Memoranda–Steamer PENNSYLVANIA left New Orleans on Thursday, May 20th, at 7 P. M. In Port for St. Louis, steamers R. J. LACKLAND and RR. packets A T LACEY and FALLS CITY. 21st — Met RR. packet HIAWATHA at Baton Rouge. 22d — Met CITY OF MEMPHIS at Lake Providence, T L MCGILL head of 93. 23d — Met NEW UNCLE SAM at 71. 24th — Met GOLDEN AGE, CORA ANDERSON at 37, IMPERIAL at Ashport. 25th –Met EDITOR at Island No. 4, WM. M. MORRISON in Dogtooth Bend; passed J J ROE at Lane’s Landing. 26th — Met L M KENNETT at Cape Girardeau. Time six days from port to port. Lost 32 hours by storms and fogs.

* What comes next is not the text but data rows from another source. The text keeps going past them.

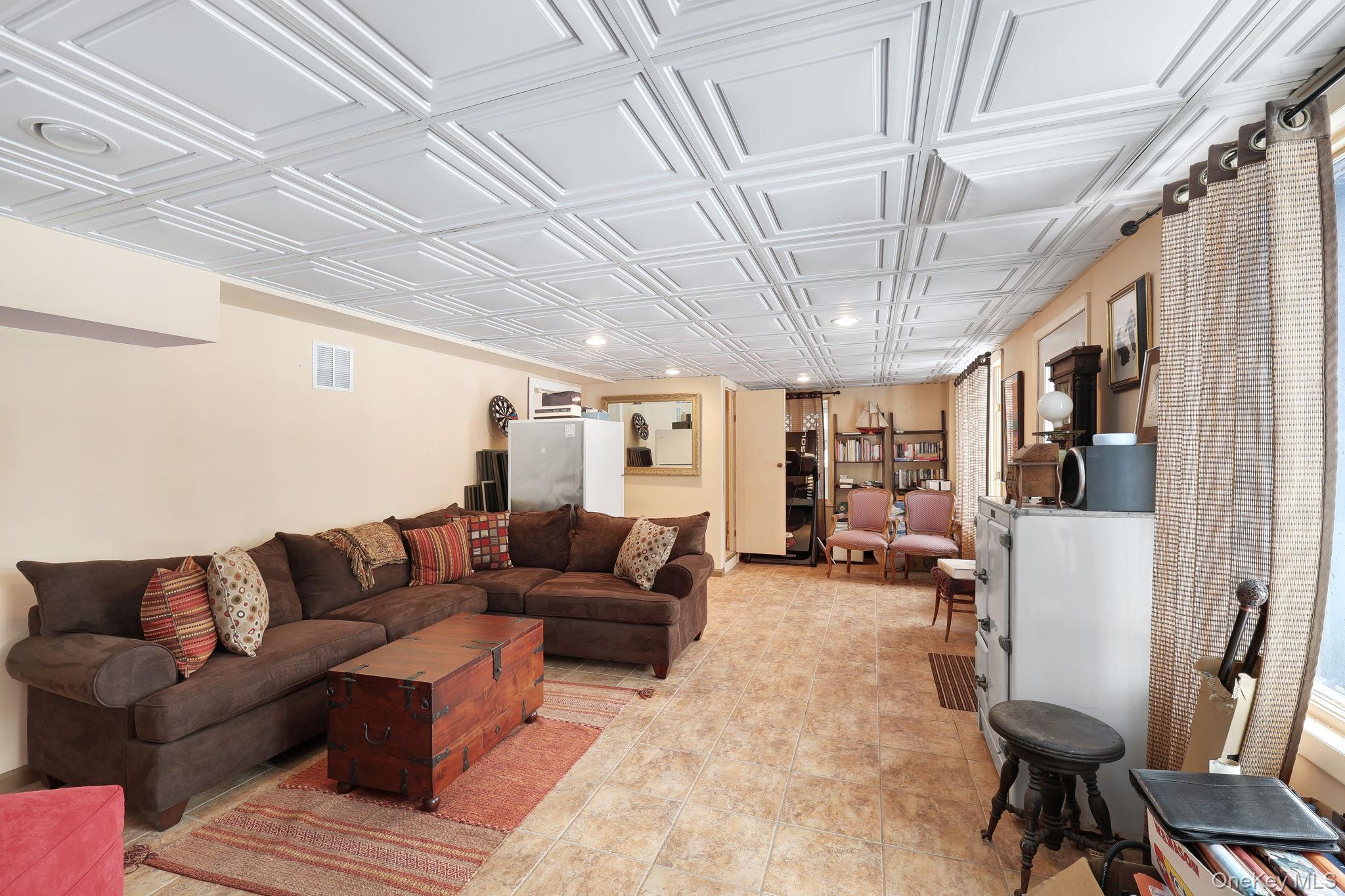 58 Wildwood Drive Out of NYC South Fallsburg, NY 12779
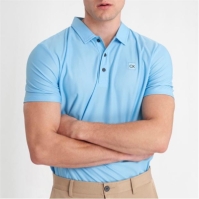 Calvin Klein Golf G Polo Sn99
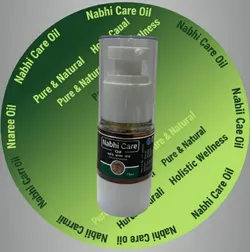 OUR_SPECIALTY_NAVI_CARE__Vedic Mantra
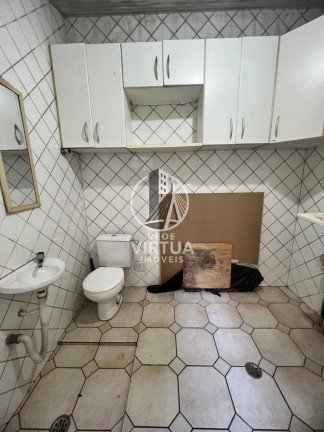 Imagem Casa de Condomínio com 3 Quartos à Venda, 163 m² em Jardim Monte Alegre - São Paulo Imagem Casa de Condomínio com 3 Quartos à Venda, 163 m² em Jardim Monte Alegre - São Paulo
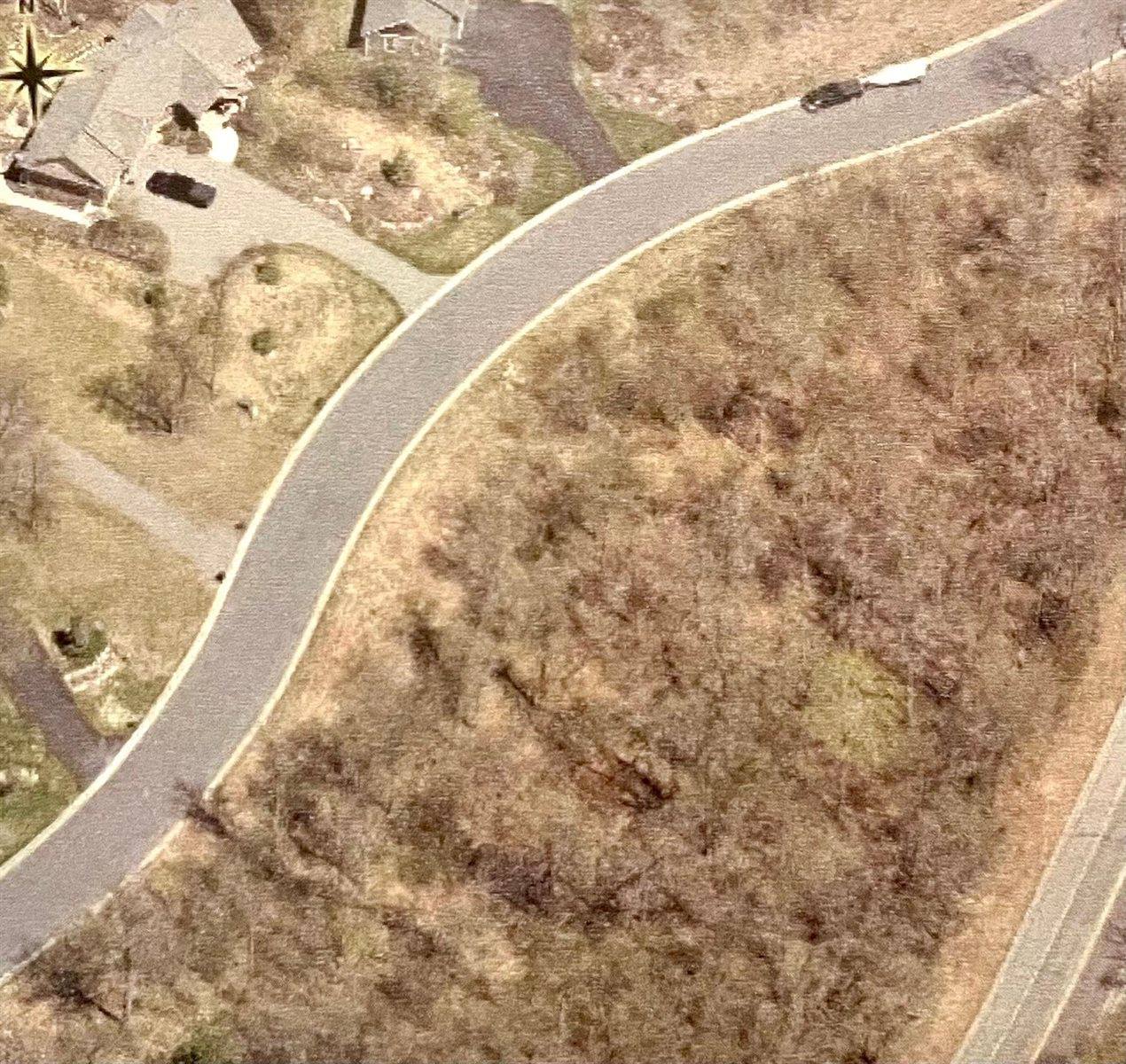 15858 Old Stonebridge Trail, Brainerd, MN 56401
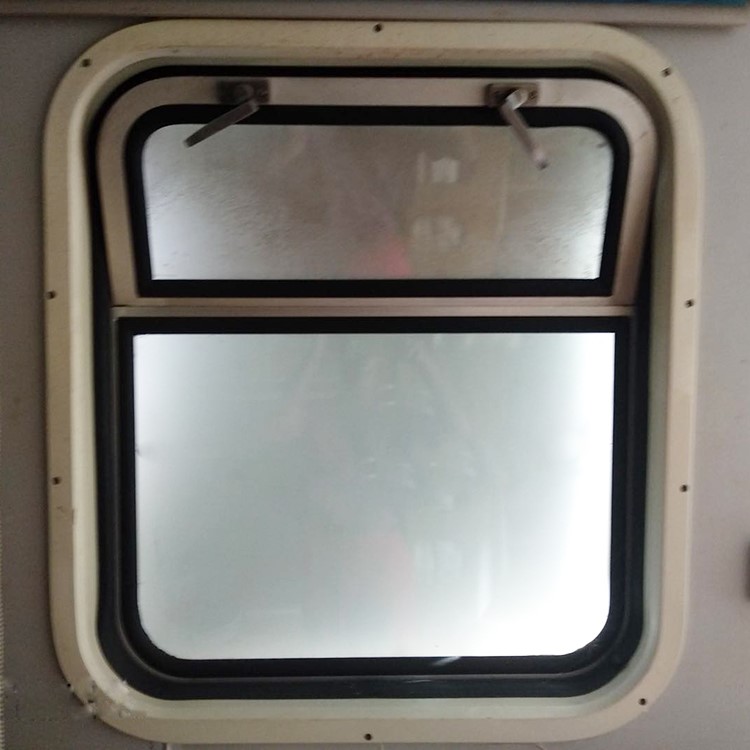 горячая распродажа тянуть в туалете окно поезда окно автобуса
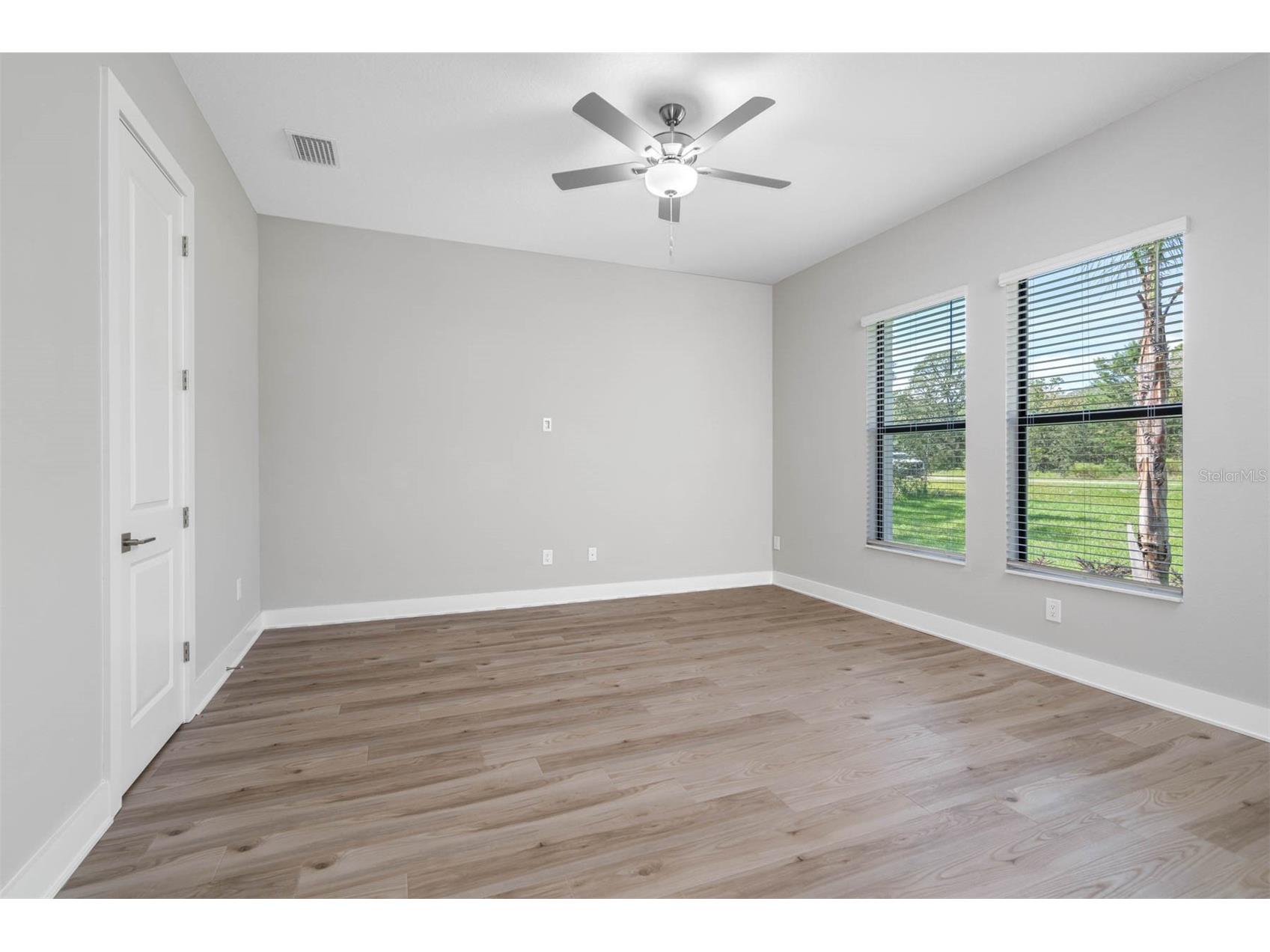13704 Oldenburg Drive Hudson FL 34667 TB8521606 image7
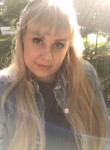 Mariyachi - Томск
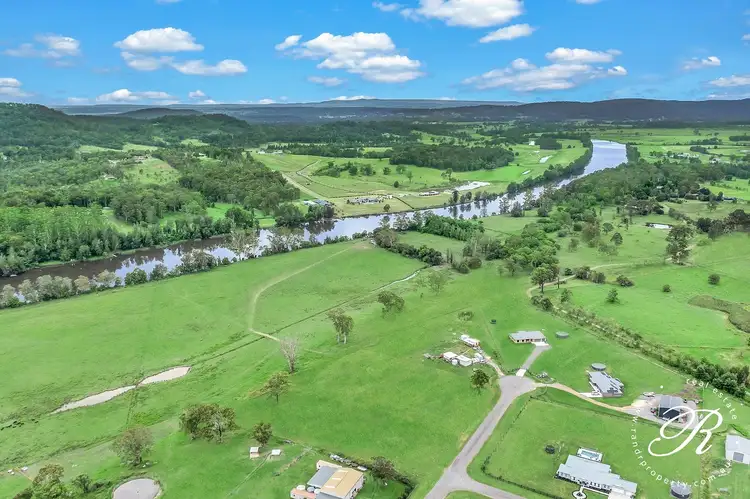 Fifth view of Homely land listing, 25 Bibb Place, Clarence Town NSW 2321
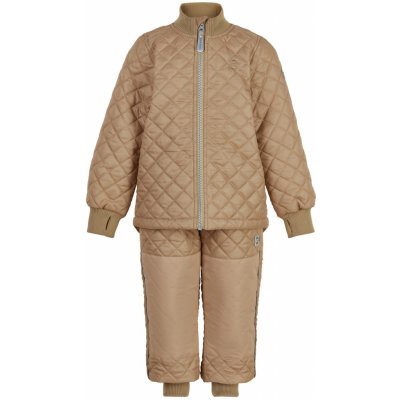 Mikk Line termo set LARK – Zbozi.Blesk.cz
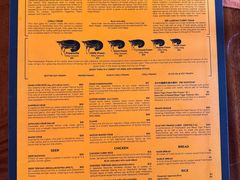 -Ministry of Crab(科伦坡店)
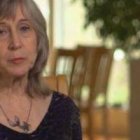 Kathy Aultman practicó entre 500 y 1000 abortos, y estaba orgullosa... pero llegó el momento en que entendió que su ceguera moral era como la de los médicos nazis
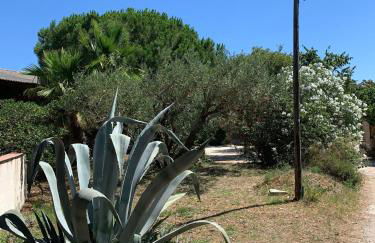 Mas de Plisset - Foto 17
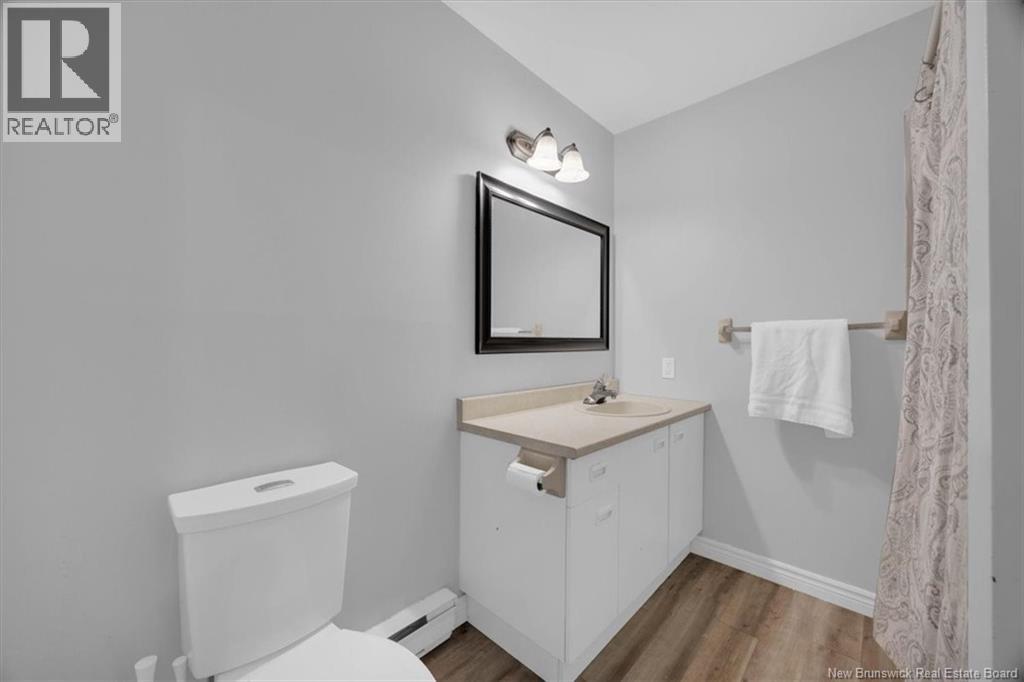 36 Driftwood Lane - 23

The following day, May 28, 1858, the Missouri Democrat also published a memoranda from the PENNSYLVANIA, but this one was a little unconventional, a slight bend from the norm, and quite possibly written by cub pilot Samuel Clemens.

MEMORANDA — The PENNSYLVANIA left New Orleans on Thursday, May 20th, at 7 P. M. In port for St. Louis, R. J. LACKLAND, A. T. LACEY and FALLS CITY. 21st, met HIAWATHA at Baton Rouge, CITY OF MEMPHIS at Lake Providence; T. L. MCGILL at head of 93; NEW UNCLE SAM at 71: CORA ANDERSON at 37; IMPERIAL at Ashport. 25th, EDITOR at island 4; WM. M. MORRISON in Dogtooth bend. Time from port to port 3 days and 72 hours. Only once before has a trip been made in 3 days and some hours.

The reference to “only once before” has such a trip been made is a poke in jest directed at Isaiah Sellers as he was one of the pilots of the fleet J. M. WHITE in 1844. The “Only once before” item was published in the Democrat, the same paper the memoranda from Isiah Seller’s log had been published a few weeks earlier. It is likely Sam Clemens was the author of the memoranda. Clemens would later recall how the “Oldest Pilot” was “full of strange lies & worldly brag” and probably bored the steersman with his boasting of the exploit.

In his personal notebooks for 1881-82 Clemens penned a similar river joke: “Trip up Missouri river 3300 miles made fastest time on record viz. 3 days 9 hours and 4 months” (Mark Twain’s Notebooks & Journals, vol. 2, p. 574).